Can anybody enlighten me as to why there appears to be such a large variation in the life expectancy of laser tubes?
I have a 25 watt Epilog that is over 10 years old (1998), has been solidly used and which still appears to give the same output as when I got it in 1999. I also have a 3 year old GCC 25 watt that is still using the same settings as when new. However, I often read on this forum of tubes only lasting a year or two (or less).
What factors affect tube life? Mine are often run at 100% power for hours on end with no apparent detriment. Is ambient temp a factor in longevity? - heat doesn't seem to be a large factor with mine as they have often been run continuously in temps of 35C+. Is it "clean" power? My GCC has lots of regulation but the Epilog has always been straight off the switch.

Does anybody know?

Bob,

I think you'll find that most of the tubes failing after a year or two are cheap glass tubes from Asia. The higher quality RF units do still fail from time to time, but that's usually due to a failed RF board (also often easily repaired by someone skilled with a soldering iron).

Hi Bob,
Here is my non technical sales rep explanation and I will get further clarification from laser engineers.
From a technical standpoint, keeping a laser tube in constant use actually helps extent the life to some level. There are 2-types of excitation methods for the sealed tube CO2's. RF excited and DC excited.
[LEFT]
DC is very old, glass tube technology that does not have a life longer than about 700 hrs max. They are cheap but the quality is not very good typically, if you want to process at any fast rate of speed. The fill in the space lasers in the market now mostly use this type of laser, which is why the prices of the machines are so low.

RF excited tubes are the more recent (though it is at least 15 years on the market). These would be the Synrad, Coherent, ULS types. Much better quality, much more reliable and of course more expensive to manufacturer. Hene the machine price is higher also.

The input voltage is not really the issue as much as the efficiency of the power transfer (within the tube). Synrad was the developer of these "free space" types of sealed laser sources and hold many design patents. Coherent (and now also Synrad) makes a "wave guide" type which has optics within the tube for power amplification. There are different trains of though as to which is the best for marking and engraving. Both have their merits but generally speaking the beam quality is excellent.
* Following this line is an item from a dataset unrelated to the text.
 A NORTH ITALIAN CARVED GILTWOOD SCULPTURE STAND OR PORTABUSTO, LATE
All that being said, CO2 tubes are still subject to manufacturing standards. You can get one that will last for 5-years and the next one will last for 3-years. The wattage ranges can vary 20% even is both tubes were say 60watts. Little bit of a "black magic" involved.

I have also noticed that lower wattage tubes on average at least of the sealed RF sealed variety tend to last longer then higher wattages so a 240 watt.

Regards,

There was a time when Coherent had a QC problem , we went thru 6 coherent tubes in my Explorers over a 1 yr period. I have had better results with Synrads .....
We find the tubes themselves do not go , it is generally the RF boards that blow , Synrad will give you exact instructions how to repair em , costs pennies....Problem is not the repair , its the tuning of the Rf boards which requires equipment most of dont have ( fancy Oscilloscopes + stand alone controller)
Thing is these tubes are OUTRAGEOUSLY expensive for what they are.....a few mirrors , RF boards and a metal tube filled with gas.....
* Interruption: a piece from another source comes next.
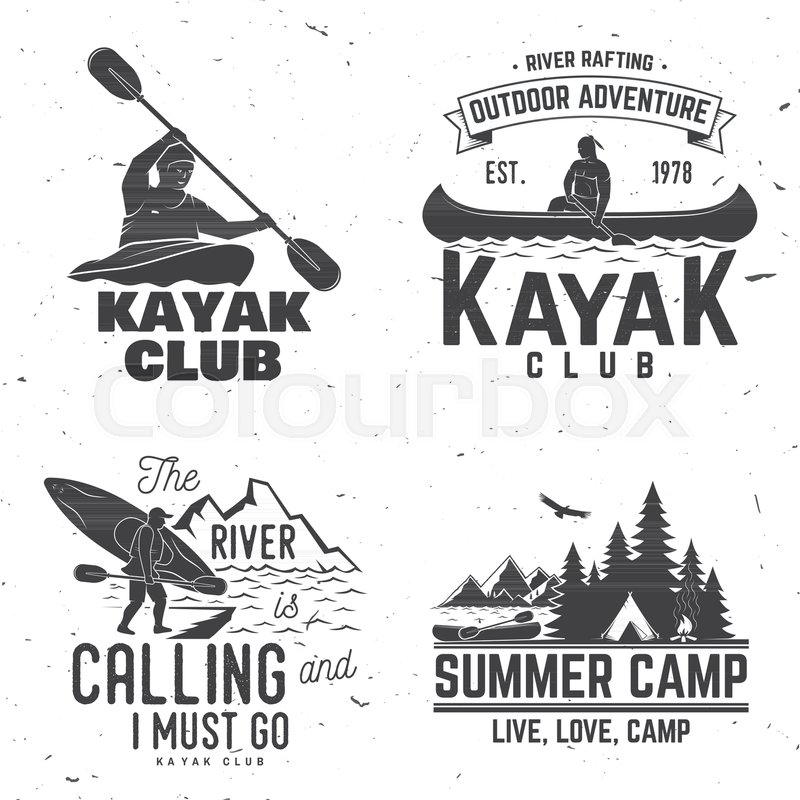 800x800 Set Of Kayak Club Badge Vector Stock Vector Colourbox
Thing is these tubes are OUTRAGEOUSLY expensive for what they are.....a few mirrors , RF boards and a metal tube filled with gas.....


Hi Rodne,

What you are paying a lot for is the development costs of the tube. For instance, as Andy mentioned, Synrad hold many Patents and they do not come cheap, usually $20K is a start price for a Patent. Developing the tube to the point of readiness to Patent is many many thousands of hours of high dollar work.

It is true the cost of the materials inside the laser may not amount to much, but putting the parts in the right spot to make thing work efficiently requires some precise machining and engineering.

The "gas" is not just CO2. It is highly purified CO2 and a mixture of 3 or more other gases in small percentages. All have to be equally as pure as the CO2 and in very exact amounts for a specific task.

I have a Synrad tube built in 1992 and I have no idea of how many hours it has worked, but Synrad rate their tubes for 45,000 hours. That sort of technology does not come cheap. This 25W tube still tips the scale at 27W.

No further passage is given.